> _INSTRUCTIONS TO FOLLOW_
Look below for the line that contains "person i have", then copy it and each following line exactly, through and including the line that contains "Why ReactJS Should".

(Records from a data source)

------------------------------------------------------------------------

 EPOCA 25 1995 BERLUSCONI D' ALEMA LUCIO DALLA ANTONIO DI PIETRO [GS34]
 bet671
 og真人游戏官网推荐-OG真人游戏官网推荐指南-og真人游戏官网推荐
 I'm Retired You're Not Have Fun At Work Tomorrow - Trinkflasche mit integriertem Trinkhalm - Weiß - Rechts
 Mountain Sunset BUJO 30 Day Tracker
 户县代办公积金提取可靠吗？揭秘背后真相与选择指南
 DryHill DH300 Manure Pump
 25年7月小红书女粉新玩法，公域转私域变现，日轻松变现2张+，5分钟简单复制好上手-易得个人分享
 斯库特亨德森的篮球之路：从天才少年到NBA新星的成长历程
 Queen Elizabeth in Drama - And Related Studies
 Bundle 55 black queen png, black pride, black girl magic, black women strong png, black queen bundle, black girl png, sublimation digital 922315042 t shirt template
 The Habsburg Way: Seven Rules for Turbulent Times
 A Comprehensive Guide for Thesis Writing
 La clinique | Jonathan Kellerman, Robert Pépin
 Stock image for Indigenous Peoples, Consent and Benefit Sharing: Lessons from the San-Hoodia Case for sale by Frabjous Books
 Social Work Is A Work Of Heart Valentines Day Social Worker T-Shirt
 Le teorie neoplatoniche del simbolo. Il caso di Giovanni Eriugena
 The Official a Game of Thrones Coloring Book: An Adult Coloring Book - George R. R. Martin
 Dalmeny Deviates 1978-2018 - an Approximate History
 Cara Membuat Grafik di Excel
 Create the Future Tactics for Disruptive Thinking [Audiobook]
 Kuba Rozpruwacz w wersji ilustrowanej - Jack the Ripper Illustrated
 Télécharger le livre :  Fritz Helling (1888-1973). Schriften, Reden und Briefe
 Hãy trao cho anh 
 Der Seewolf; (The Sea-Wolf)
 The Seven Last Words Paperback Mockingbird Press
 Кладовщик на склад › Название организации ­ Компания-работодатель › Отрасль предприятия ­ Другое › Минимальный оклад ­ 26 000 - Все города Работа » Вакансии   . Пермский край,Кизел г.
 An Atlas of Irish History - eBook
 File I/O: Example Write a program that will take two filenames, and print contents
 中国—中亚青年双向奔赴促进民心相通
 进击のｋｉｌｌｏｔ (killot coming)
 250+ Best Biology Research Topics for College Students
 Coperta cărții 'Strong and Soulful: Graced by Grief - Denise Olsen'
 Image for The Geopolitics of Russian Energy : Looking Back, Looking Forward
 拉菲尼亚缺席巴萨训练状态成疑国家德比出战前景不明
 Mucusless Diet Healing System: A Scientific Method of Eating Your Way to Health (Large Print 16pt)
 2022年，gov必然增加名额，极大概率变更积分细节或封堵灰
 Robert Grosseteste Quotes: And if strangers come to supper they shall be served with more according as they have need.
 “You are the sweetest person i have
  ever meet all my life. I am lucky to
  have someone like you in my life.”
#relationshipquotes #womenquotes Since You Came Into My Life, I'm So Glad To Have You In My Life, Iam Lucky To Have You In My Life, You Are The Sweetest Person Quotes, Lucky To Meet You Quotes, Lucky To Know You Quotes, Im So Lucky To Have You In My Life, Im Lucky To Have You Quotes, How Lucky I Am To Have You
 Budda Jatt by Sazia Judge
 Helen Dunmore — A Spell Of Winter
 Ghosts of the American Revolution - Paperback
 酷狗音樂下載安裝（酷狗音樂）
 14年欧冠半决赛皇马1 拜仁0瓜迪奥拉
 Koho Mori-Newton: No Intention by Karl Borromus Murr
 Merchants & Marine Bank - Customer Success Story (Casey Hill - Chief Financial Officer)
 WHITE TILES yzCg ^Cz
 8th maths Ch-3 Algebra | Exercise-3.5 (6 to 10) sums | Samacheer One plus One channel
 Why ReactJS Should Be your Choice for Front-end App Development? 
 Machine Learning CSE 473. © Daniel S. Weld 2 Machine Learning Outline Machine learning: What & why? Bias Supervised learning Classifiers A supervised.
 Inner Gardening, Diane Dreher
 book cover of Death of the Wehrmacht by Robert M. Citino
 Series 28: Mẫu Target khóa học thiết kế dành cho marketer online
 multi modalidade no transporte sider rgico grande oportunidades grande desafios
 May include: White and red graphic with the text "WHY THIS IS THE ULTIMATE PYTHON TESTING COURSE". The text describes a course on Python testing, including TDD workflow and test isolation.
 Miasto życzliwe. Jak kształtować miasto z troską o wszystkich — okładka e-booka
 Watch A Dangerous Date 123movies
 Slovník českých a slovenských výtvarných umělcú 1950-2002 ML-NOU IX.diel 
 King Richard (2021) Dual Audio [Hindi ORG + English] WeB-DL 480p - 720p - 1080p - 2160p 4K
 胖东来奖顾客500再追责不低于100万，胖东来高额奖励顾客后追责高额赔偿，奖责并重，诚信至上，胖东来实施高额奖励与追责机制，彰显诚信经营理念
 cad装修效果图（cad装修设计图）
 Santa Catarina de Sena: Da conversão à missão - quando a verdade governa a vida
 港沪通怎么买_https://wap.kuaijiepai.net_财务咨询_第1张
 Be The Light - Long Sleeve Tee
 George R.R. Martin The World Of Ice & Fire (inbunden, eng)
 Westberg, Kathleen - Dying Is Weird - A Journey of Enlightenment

------------------------------------------------------------------------

> _WORKED SOLUTION_
 “You are the sweetest person i have
  ever meet all my life. I am lucky to
  have someone like you in my life.”
#relationshipquotes #womenquotes Since You Came Into My Life, I'm So Glad To Have You In My Life, Iam Lucky To Have You In My Life, You Are The Sweetest Person Quotes, Lucky To Meet You Quotes, Lucky To Know You Quotes, Im So Lucky To Have You In My Life, Im Lucky To Have You Quotes, How Lucky I Am To Have You
 Budda Jatt by Sazia Judge
 Helen Dunmore — A Spell Of Winter
 Ghosts of the American Revolution - Paperback
 酷狗音樂下載安裝（酷狗音樂）
 14年欧冠半决赛皇马1 拜仁0瓜迪奥拉
 Koho Mori-Newton: No Intention by Karl Borromus Murr
 Merchants & Marine Bank - Customer Success Story (Casey Hill - Chief Financial Officer)
 WHITE TILES yzCg ^Cz
 8th maths Ch-3 Algebra | Exercise-3.5 (6 to 10) sums | Samacheer One plus One channel
 Why ReactJS Should Be your Choice for Front-end App Development? 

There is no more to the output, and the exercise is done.